Records excerpted from a collection
Segment Open

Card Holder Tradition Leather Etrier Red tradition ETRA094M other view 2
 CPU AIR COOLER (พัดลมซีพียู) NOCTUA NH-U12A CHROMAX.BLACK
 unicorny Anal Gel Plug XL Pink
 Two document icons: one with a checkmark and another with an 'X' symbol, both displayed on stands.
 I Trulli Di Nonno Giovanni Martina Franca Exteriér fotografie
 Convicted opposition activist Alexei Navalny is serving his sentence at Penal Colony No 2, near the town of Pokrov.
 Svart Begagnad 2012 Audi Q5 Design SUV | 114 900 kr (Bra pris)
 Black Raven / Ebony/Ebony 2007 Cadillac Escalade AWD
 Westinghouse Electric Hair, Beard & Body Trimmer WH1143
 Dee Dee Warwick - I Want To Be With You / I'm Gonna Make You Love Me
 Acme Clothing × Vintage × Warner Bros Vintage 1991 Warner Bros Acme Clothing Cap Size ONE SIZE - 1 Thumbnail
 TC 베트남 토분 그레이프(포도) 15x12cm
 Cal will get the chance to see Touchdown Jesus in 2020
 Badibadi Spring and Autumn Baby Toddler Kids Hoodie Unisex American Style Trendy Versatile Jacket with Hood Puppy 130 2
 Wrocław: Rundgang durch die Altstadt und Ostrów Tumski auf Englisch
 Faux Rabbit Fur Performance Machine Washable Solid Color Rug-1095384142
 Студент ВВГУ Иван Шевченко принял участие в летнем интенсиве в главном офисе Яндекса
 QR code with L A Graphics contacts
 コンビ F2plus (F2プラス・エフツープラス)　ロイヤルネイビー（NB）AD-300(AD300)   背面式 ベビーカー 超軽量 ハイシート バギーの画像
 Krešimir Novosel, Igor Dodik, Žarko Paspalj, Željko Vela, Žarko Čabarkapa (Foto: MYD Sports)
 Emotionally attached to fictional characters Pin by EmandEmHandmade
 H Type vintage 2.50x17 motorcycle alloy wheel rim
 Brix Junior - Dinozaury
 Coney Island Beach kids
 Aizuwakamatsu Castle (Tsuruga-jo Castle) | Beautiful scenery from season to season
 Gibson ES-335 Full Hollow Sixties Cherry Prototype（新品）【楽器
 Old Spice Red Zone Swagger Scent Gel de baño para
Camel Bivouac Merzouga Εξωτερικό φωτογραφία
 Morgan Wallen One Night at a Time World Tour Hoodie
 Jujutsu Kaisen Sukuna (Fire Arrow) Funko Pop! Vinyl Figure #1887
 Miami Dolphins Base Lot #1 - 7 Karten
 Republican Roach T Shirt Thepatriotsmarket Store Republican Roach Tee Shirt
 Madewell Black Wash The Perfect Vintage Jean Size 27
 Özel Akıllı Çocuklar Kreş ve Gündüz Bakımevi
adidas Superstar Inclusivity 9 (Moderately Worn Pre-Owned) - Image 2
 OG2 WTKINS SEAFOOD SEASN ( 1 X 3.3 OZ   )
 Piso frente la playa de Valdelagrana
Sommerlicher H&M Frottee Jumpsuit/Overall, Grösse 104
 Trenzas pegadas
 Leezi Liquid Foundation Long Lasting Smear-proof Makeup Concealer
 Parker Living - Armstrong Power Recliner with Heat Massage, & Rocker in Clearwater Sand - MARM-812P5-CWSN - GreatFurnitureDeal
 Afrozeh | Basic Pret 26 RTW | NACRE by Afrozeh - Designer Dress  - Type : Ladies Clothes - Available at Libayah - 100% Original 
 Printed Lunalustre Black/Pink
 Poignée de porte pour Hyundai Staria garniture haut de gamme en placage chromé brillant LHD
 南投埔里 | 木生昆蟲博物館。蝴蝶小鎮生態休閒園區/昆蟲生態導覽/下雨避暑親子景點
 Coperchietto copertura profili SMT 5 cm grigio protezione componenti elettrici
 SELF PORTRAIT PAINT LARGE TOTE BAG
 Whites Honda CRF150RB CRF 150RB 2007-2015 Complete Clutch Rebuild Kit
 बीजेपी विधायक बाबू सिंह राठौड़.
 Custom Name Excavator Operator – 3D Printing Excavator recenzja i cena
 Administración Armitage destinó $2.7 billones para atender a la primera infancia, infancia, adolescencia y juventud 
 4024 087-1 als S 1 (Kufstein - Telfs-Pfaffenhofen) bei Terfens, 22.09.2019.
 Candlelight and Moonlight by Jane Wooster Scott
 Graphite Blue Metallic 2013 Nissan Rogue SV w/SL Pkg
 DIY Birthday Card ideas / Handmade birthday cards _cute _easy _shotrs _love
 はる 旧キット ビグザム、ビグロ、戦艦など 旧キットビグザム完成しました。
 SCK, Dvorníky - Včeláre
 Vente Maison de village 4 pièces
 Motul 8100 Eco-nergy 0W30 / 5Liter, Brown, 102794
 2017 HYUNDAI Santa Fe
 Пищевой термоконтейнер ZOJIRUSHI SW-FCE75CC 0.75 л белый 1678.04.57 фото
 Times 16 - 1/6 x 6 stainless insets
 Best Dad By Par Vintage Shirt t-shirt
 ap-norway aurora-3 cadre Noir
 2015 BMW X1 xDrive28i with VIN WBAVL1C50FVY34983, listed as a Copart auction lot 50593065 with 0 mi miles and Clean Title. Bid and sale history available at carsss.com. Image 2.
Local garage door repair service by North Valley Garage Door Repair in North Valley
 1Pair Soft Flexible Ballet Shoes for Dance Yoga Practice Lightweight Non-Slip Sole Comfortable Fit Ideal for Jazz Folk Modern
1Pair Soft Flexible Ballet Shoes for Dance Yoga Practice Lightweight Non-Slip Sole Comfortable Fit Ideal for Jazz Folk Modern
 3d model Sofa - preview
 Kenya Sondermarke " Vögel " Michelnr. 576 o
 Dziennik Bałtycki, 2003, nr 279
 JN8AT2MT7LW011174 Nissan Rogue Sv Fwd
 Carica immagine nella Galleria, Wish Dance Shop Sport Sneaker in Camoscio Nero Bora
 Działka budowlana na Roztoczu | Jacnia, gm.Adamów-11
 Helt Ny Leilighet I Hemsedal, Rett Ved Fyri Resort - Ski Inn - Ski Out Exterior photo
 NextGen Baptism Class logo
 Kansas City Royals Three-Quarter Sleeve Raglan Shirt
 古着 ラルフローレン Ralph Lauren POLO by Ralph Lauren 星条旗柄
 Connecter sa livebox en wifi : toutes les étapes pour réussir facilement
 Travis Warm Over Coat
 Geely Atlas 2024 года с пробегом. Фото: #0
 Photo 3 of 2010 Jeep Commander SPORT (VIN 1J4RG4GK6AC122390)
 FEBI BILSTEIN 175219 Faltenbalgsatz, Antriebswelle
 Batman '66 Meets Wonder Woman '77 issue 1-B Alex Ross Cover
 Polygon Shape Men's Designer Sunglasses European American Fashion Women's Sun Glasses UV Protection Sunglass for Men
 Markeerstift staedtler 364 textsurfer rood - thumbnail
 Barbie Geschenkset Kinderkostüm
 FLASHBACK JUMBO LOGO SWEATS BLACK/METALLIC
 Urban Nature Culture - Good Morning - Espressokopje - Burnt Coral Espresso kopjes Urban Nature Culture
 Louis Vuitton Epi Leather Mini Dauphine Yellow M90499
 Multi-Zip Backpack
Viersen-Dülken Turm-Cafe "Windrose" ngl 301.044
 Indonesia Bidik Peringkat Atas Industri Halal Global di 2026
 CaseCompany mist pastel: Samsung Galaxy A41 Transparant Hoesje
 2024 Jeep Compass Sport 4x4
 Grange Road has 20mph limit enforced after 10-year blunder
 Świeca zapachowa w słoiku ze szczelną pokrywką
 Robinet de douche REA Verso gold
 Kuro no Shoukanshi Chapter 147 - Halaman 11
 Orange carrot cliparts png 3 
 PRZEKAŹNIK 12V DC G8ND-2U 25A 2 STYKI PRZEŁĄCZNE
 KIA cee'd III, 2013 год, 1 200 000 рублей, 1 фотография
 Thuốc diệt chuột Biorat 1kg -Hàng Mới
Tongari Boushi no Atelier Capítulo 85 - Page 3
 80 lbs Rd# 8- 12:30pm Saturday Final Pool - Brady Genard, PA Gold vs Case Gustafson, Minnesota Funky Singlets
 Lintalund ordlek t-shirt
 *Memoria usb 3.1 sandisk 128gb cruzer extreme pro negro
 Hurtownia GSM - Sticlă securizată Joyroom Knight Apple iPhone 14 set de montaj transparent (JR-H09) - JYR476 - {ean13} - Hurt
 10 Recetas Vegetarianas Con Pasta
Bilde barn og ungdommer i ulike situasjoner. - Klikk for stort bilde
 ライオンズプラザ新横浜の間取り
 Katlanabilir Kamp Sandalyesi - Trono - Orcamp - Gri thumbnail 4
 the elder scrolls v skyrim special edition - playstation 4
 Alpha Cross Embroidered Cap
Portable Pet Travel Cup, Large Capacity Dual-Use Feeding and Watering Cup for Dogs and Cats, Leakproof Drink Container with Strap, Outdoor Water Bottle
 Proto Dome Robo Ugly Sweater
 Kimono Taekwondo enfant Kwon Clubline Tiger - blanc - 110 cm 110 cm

Segment Closed

Task prompt:
Transcribe the records above from the line holding "Alpha Cross Embroidered Cap" down to the line holding "Proto Dome Robo Ugly Sweater", inclusive, without adding anything.

Solution to the problem:
 Alpha Cross Embroidered Cap
Portable Pet Travel Cup, Large Capacity Dual-Use Feeding and Watering Cup for Dogs and Cats, Leakproof Drink Container with Strap, Outdoor Water Bottle
 Proto Dome Robo Ugly Sweater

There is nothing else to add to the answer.